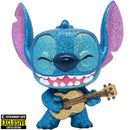 Funko Pop! Lilo & Stitch: Stitch with Ukulele Diamond Glitter - Entertainment Earth Exclusive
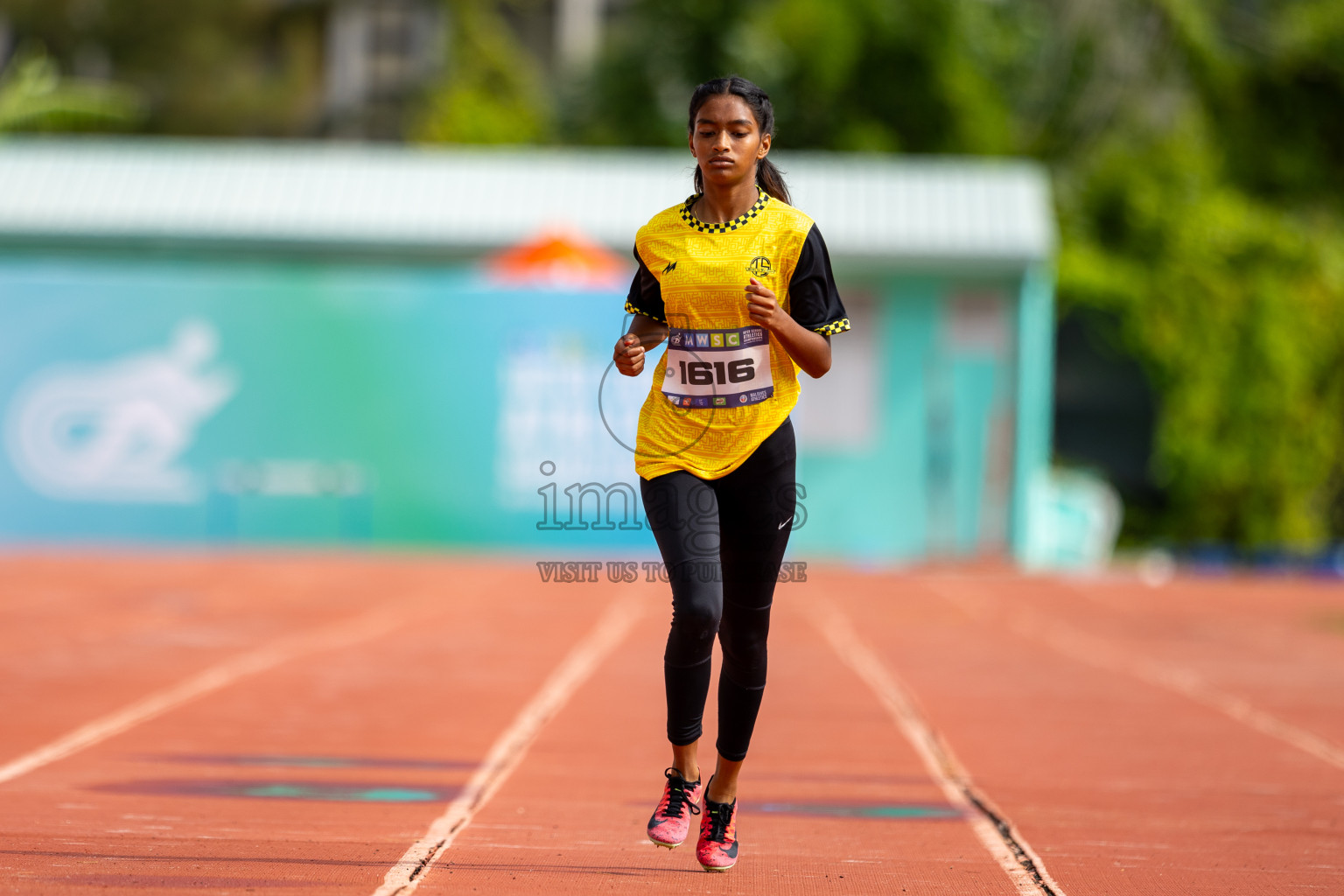 Day 2 of MWSC Interschool Athletics Championships 2024 held in Hulhumale Running Track, Hulhumale, Maldives on Sunday, 10th November 2024.
Photos by: Ismail Thoriq / Images.mv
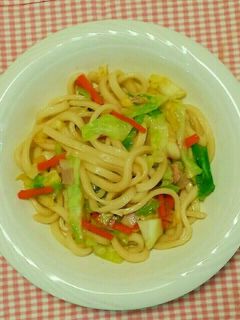 簡単焼きうどん-レシピのメイン写真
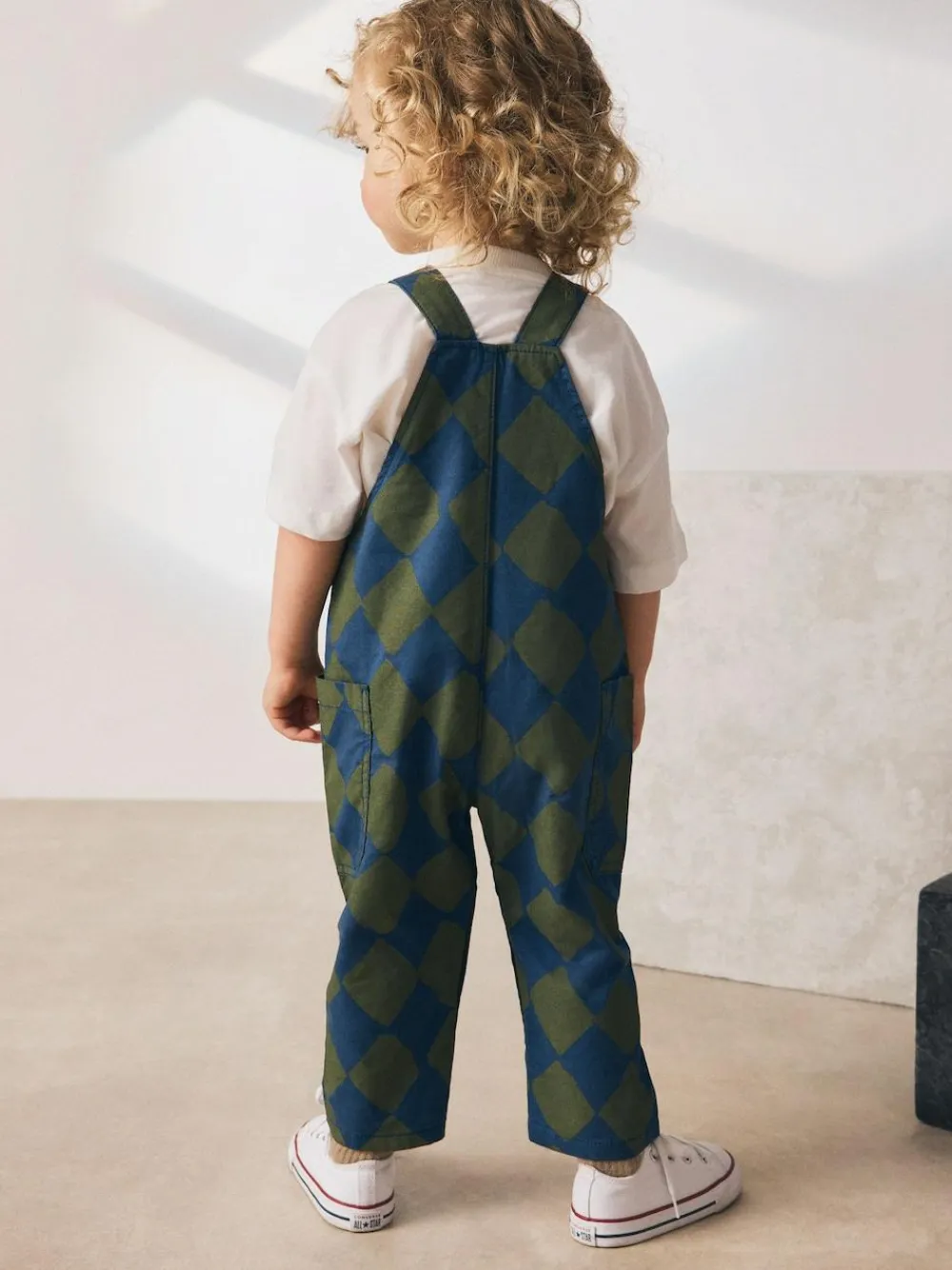 Next Dungarees (3mths-7yrs)^BOY Rompers & Overalls|Sets & Outfits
++++
> **Directions**:
The answer must be the lines from the first one in the records through the line containing "簡単焼きうどん-レシピのメイン写真", copied exactly, with no pictures.

> **Answer area**:
 Funko Pop! Lilo & Stitch: Stitch with Ukulele Diamond Glitter - Entertainment Earth Exclusive
 Day 2 of MWSC Interschool Athletics Championships 2024 held in Hulhumale Running Track, Hulhumale, Maldives on Sunday, 10th November 2024.
Photos by: Ismail Thoriq / Images.mv
 簡単焼きうどん-レシピのメイン写真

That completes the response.